## [Exercise data]

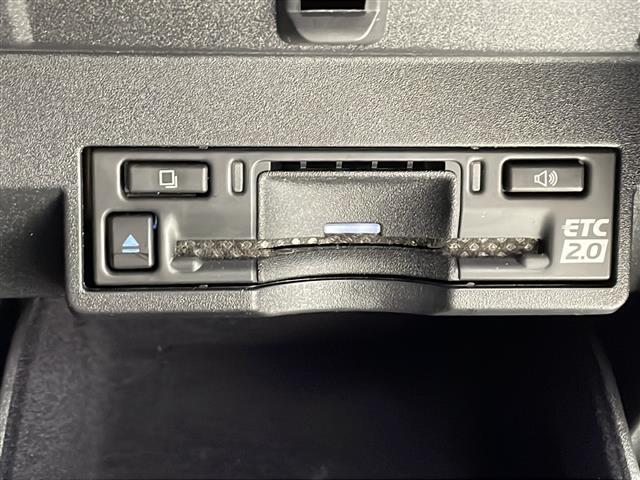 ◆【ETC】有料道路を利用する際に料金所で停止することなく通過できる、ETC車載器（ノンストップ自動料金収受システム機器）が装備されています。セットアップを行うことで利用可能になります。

* * *

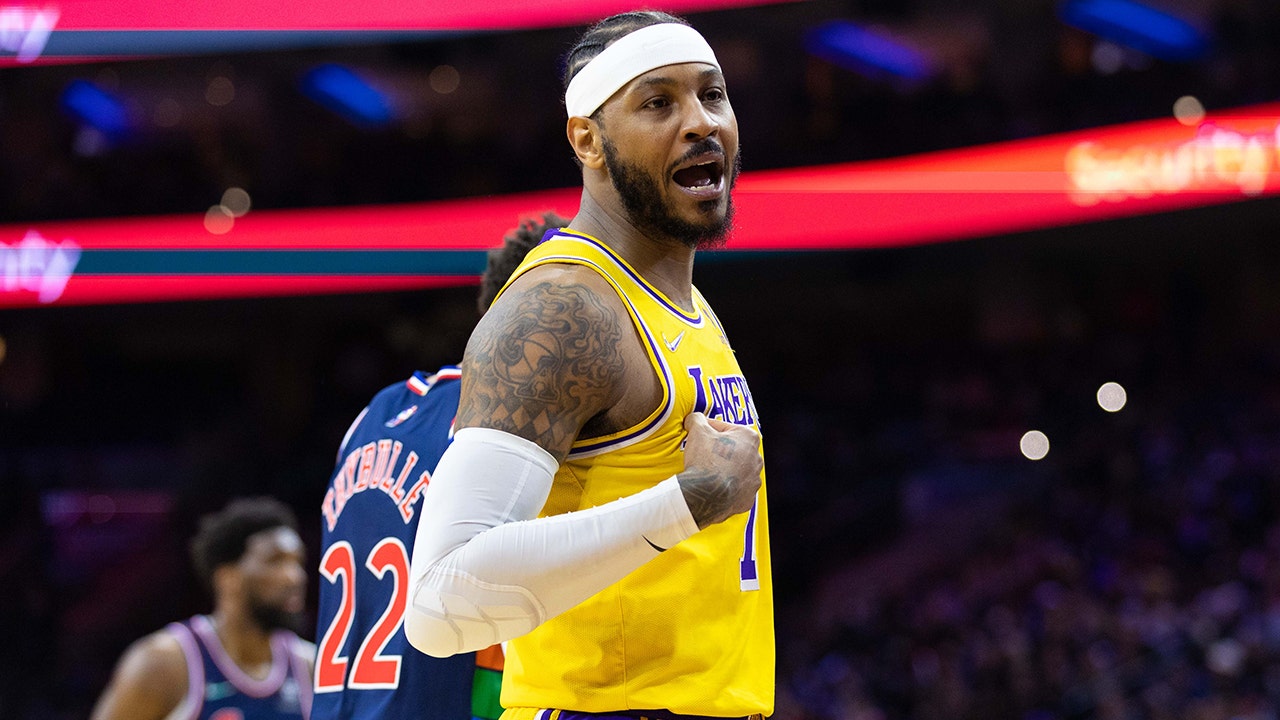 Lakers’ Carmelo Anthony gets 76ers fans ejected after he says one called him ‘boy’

--

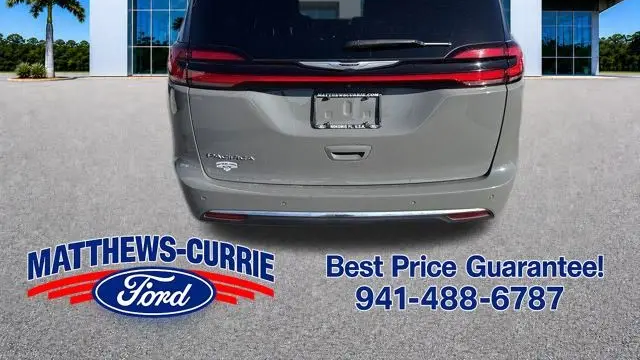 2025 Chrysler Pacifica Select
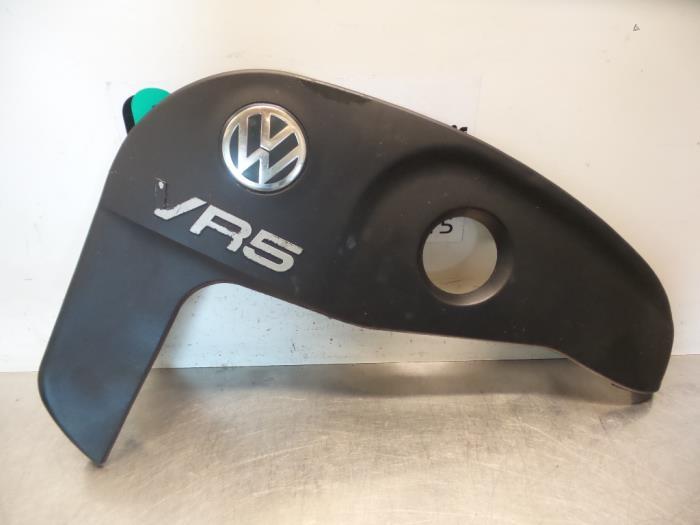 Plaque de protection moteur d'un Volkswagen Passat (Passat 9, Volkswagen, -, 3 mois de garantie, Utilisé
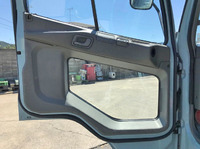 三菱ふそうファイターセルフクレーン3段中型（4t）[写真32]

## [What the exercise asks]
Leaving all pictures out, output exactly the lines of the material above from the line with "Plaque de protection" to the line with "三菱ふそうファイターセルフクレーン3段中型（4t）[写真32]", both included.

## [Output below]
 Plaque de protection moteur d'un Volkswagen Passat (Passat 9, Volkswagen, -, 3 mois de garantie, Utilisé
 三菱ふそうファイターセルフクレーン3段中型（4t）[写真32]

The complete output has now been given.